My personal dream of opening the gates of Hogwarts did fulfill itself though; I was lucky enough to do so at The Harry Potter experience thing over in Watford. The face of the guy who was helping me by pulling open the gate on the other side was priceless – surely he was there to help kids that would struggle with a gate so heavy. He didn’t expect someone my age to the one pushing! But that was the only way this could be resolved fairly. I waited half of my life for it. The little kiddos could wait few years longer.
Ok, maybe it was a tad selfish. A teeny tiny bit.
And these little details, little memories, my tiny magical bunnies that make Harry Potter so special. There are very few things in the world that would make me excited about movie props. Really. I am not a movie person. But this was just different, as pathetic as it may sound to some.
Quite a lot of good came out of Harry Potter for my generation and I. Sure, this could have been any book – but it wasn’t and we need to appreciate that we happened to get it. The amount of writing and reading I did as a result of Harry Potter is insane. The sheer amount of confidence to put out their work out to the public this book has brought to millions and millions of kids who just wanted to express themselves is even more insane. Harry Potter inspired and pushed so many very talented people to their limits. It gave them wings. Maybe, to some extent, it gave me wings too.

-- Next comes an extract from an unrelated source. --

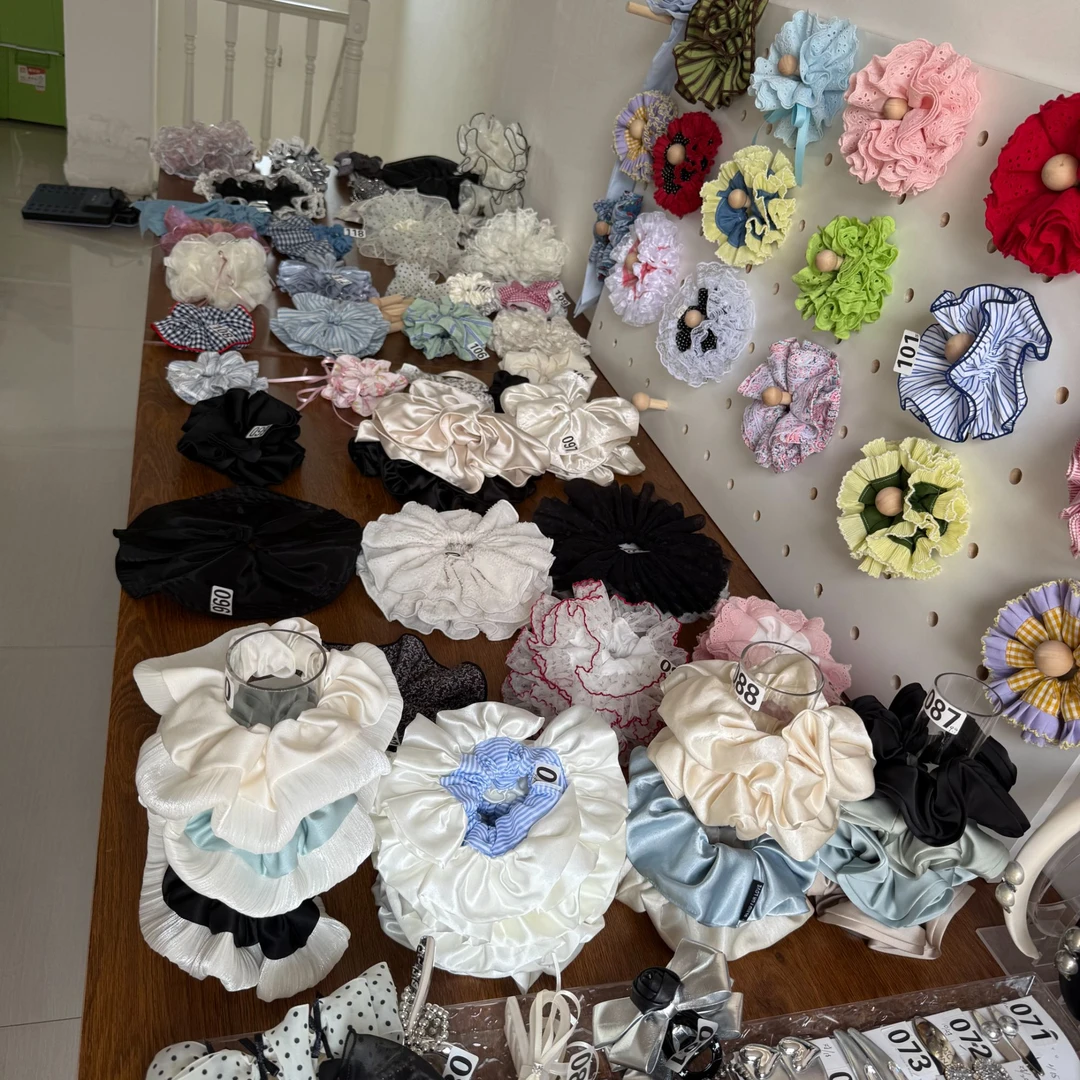 大肠发圈专拍（087-131）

Because contrary to popular opinion, to me Harry Potter has always been the story of embracing one’s limitations. Wizards, even those as powerful as Dumbledore, are all just humans – and cannot perform even nearly as impressive tasks as many other wizards of literature. Dumbledore makes mistakes. He struggles. And from understanding what he cannot do and what cannot be done, he draws most of his power.
And for one little girl in Poland, this was a very powerful message. All other books talked about overcoming who I was, of reaching beyond my limits. Harry Potter has always talked about achieving what we want by embracing who we are, and not worrying about what we are not. Without stressing too much about what ifs. Without beating ourselves up over things that simply cannot happen.

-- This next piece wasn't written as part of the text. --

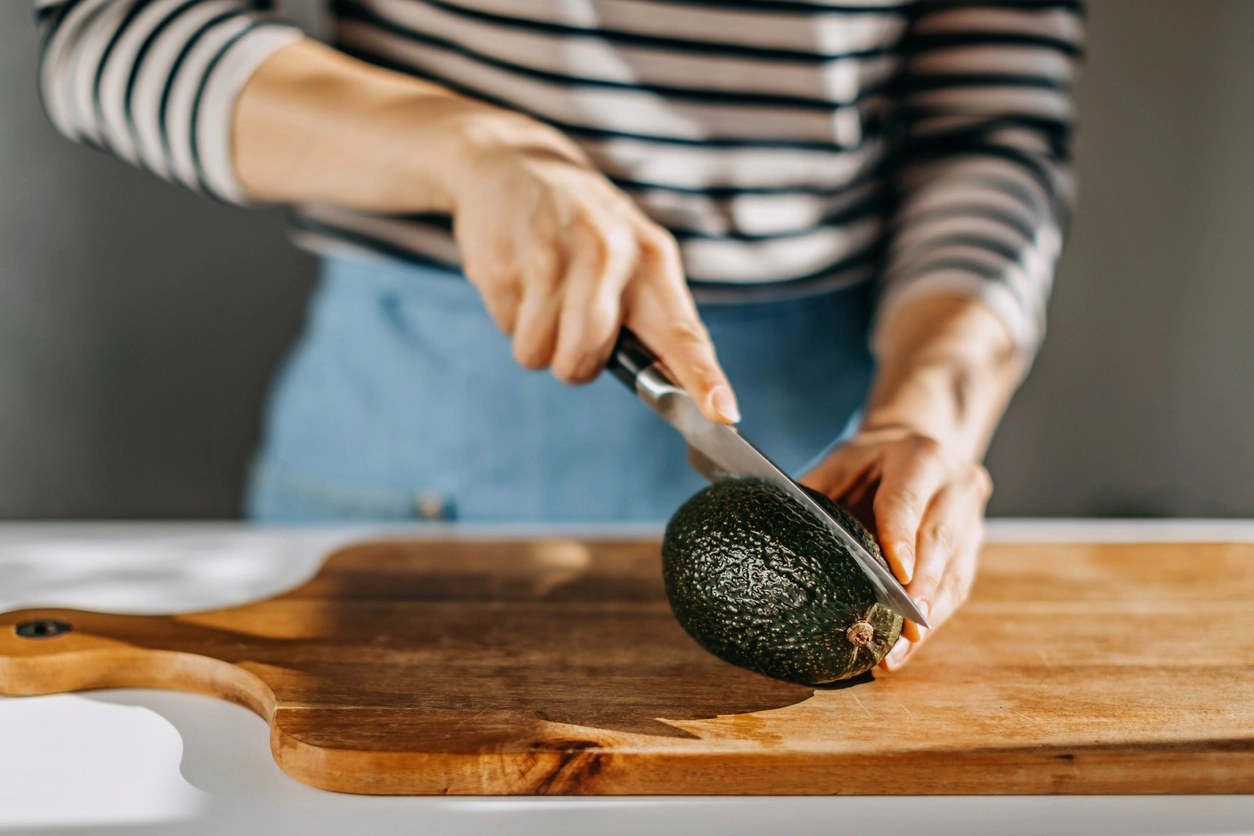 The Best Foods To Nourish the Thyroid | Prime Women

A liberating thought, isn’t it?
But at the end of the day I think the most powerful thing about Harry Potter is how weirdly united people are though it, even all these years later. It has become our common secret, an inside joke we all share about a common experience. We, the children raised by Harry Potter, will never be true strangers – because we shared a childhood together. A friend that was there for us when we were sick or grounded, or bored on a rainy day.
We will always be able to just ask each other which Hogwarts house we belong to and that will tell us more about each other than others would suspect. And we do. I still feel awkward around people my age who cannot answer this question – maybe because, as weird as it sounds, they do not belong to us, not in the same sense anyway.
They are not part of the family.
Because that’s what we are, all of us, with our houses and spells and letters that never arrived. We all share a green-eyed cousin and a set of common memories, the entire world in which we lived and thrived once upon a time. We share a bond that cannot be explained and maybe because it is formed over something as silly as a set of books for kids, it is simply beautiful.
So maybe it is time to say: Thank you, Harry Potter. And although this journey ended a long time ago, somehow it will never end, ever, even without the countless spin-offs and plays and all other things that seem to have suddenly crawled into existence. Because Harry Potter lives in us, as pompous as it sounds. We carry his world in our tiny heads.
This all being said, please don’t spoil Cursed Child for me. I am still waiting to see it in July 2017.